The rodent hung motionless in space.
“Damn!” McConnell said, pulling off his mask. He turned and watched his assistants pull dead rats from the other three footballs. He shook his head in frustration. “Dead rats. That’s my life for the last three months.”
“I don’t see any obvious signs of suffocation,” Brigadier Smith observed.
McConnell took a scalpel from a soapstone table and neatly sliced the rat’s throat. Then he squeezed its body to express arterial blood. “See that? The blood is cherry red, as if it were fully oxygenated. Cyanide attaches to the hemoglobin molecule in place of oxygen. A soldier will look like he’s in the bloom of health while he’s suffocating.”
While the assistants disposed of the rodents, Smith leaned closer. “I’d like to speak to you in private, Doctor. How about the Mitre Inn? We could take a room.”
“I’d prefer to talk here.” McConnell glanced over Smith’s shoulder at the silent stranger, then called to his assistants, “We’ll start back up after dinner.”
When the assistants had gone, Smith pulled up a chair and straddled it, resting his right arm on its back. The gesture emphasized his missing limb. “We’ve had some more disturbing news,” he said. “Out of Germany.”
“I’m all ears.”
“First, if you don’t mind, I’d like you to bring Mr. Stern here up to speed on the chemical warfare situation. He’s a Jew, originally from Germany. Fresh in from Palestine, if you can believe it. Gas isn’t his line. Just a brief overview. German nomenclature, if you please.”

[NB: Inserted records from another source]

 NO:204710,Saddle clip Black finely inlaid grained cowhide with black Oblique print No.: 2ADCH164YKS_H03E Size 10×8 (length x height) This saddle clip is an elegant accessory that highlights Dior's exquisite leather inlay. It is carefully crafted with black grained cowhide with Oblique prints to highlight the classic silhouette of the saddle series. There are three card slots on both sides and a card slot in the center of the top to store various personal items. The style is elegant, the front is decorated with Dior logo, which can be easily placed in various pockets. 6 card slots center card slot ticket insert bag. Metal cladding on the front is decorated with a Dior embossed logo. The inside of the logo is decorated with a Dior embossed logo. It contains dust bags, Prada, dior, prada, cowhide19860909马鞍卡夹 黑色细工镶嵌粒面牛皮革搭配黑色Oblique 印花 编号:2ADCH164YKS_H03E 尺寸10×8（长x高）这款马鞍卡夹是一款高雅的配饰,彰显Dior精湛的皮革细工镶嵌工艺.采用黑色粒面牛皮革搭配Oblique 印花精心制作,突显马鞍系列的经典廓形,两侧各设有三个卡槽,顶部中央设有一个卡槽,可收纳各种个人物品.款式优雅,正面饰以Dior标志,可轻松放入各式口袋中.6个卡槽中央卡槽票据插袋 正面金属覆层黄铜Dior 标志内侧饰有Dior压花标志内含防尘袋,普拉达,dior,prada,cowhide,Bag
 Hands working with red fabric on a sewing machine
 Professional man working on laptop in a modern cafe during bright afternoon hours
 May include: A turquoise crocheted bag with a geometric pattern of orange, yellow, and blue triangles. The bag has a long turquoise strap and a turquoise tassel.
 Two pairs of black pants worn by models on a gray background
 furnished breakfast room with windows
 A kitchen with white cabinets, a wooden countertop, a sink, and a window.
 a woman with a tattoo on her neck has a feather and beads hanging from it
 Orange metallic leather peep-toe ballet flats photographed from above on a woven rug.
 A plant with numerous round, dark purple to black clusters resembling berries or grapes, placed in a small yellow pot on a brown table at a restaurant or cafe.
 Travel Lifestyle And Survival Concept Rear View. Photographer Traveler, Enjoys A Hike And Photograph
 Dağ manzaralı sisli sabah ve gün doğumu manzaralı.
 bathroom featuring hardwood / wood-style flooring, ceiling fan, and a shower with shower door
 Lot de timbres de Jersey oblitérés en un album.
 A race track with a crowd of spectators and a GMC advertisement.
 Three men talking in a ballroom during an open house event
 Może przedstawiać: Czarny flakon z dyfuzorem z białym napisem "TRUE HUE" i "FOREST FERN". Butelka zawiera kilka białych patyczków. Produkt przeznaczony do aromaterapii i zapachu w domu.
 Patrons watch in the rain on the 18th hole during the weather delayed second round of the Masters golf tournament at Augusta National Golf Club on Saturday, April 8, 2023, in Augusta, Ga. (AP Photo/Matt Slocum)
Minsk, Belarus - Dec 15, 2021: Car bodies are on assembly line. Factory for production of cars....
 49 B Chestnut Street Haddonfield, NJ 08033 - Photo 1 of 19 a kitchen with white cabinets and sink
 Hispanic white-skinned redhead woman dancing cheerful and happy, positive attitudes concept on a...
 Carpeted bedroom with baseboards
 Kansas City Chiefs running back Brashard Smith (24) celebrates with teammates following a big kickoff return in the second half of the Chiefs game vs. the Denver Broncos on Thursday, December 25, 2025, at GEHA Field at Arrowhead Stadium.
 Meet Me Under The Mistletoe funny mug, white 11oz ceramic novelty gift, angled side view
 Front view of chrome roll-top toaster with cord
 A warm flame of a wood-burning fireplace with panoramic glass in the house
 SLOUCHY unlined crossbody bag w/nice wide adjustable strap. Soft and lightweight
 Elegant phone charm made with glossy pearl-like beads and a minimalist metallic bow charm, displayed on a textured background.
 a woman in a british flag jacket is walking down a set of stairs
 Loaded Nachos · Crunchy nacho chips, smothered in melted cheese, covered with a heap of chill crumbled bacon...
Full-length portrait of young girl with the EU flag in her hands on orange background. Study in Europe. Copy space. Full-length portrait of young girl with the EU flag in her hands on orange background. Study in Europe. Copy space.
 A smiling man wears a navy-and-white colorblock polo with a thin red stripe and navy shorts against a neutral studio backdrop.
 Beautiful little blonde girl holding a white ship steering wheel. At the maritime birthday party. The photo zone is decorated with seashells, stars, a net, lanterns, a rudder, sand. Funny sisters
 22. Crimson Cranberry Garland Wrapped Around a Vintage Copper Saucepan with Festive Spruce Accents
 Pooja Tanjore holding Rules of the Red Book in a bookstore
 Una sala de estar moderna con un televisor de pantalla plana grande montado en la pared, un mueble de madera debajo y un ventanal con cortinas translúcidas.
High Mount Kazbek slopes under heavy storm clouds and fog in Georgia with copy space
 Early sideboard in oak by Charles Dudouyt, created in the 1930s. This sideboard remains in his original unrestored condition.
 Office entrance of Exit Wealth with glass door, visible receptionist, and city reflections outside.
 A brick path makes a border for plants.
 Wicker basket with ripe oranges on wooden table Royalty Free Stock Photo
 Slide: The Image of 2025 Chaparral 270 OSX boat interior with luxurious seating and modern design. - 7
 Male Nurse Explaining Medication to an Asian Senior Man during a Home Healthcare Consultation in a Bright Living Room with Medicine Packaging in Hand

“You’ve read the classification manual.”
“But you helped write it,” Smith said patiently. “I like my information from the horse’s mouth.”
McConnell directed his answer to Stern. “Four classes, designated by colored crosses. You just saw Blue Cross in action. White Cross is tear gas. Green Cross denotes chlorine, phosgene, diphosgene, et cetera. They’re the oldest chemical weapons, but still first-rank battlefield choices. They kill by causing pulmonary edema—internal drowning. The last is Yellow Cross, which also dates back to World War One.” McConnell wiped his brow and spoke in a mechanical voice. “Yellow Cross denotes the ‘blister’ gases, or vesicants. Mustard … Lewisite. Highly persistent gases. Wherever they touch the body, they produce burns, blisters, and deep ulcers of the most painful kind. The body’s ability to heal is impaired, making the effects of Yellow Cross especially long lasting.”
“Thank you,” Smith said. “But you left out a class, I believe.”
McConnell’s eyes narrowed. “The last class has no cross classification,” he said carefully.
“As of yesterday it does. Black Cross.”
“Schwarzes Kreuz,” McConnell said softly. “A fitting name for a tool of the devil.”
“Come now, Doctor. If I didn’t know you were a scientist, I’d swear you were superstitious.”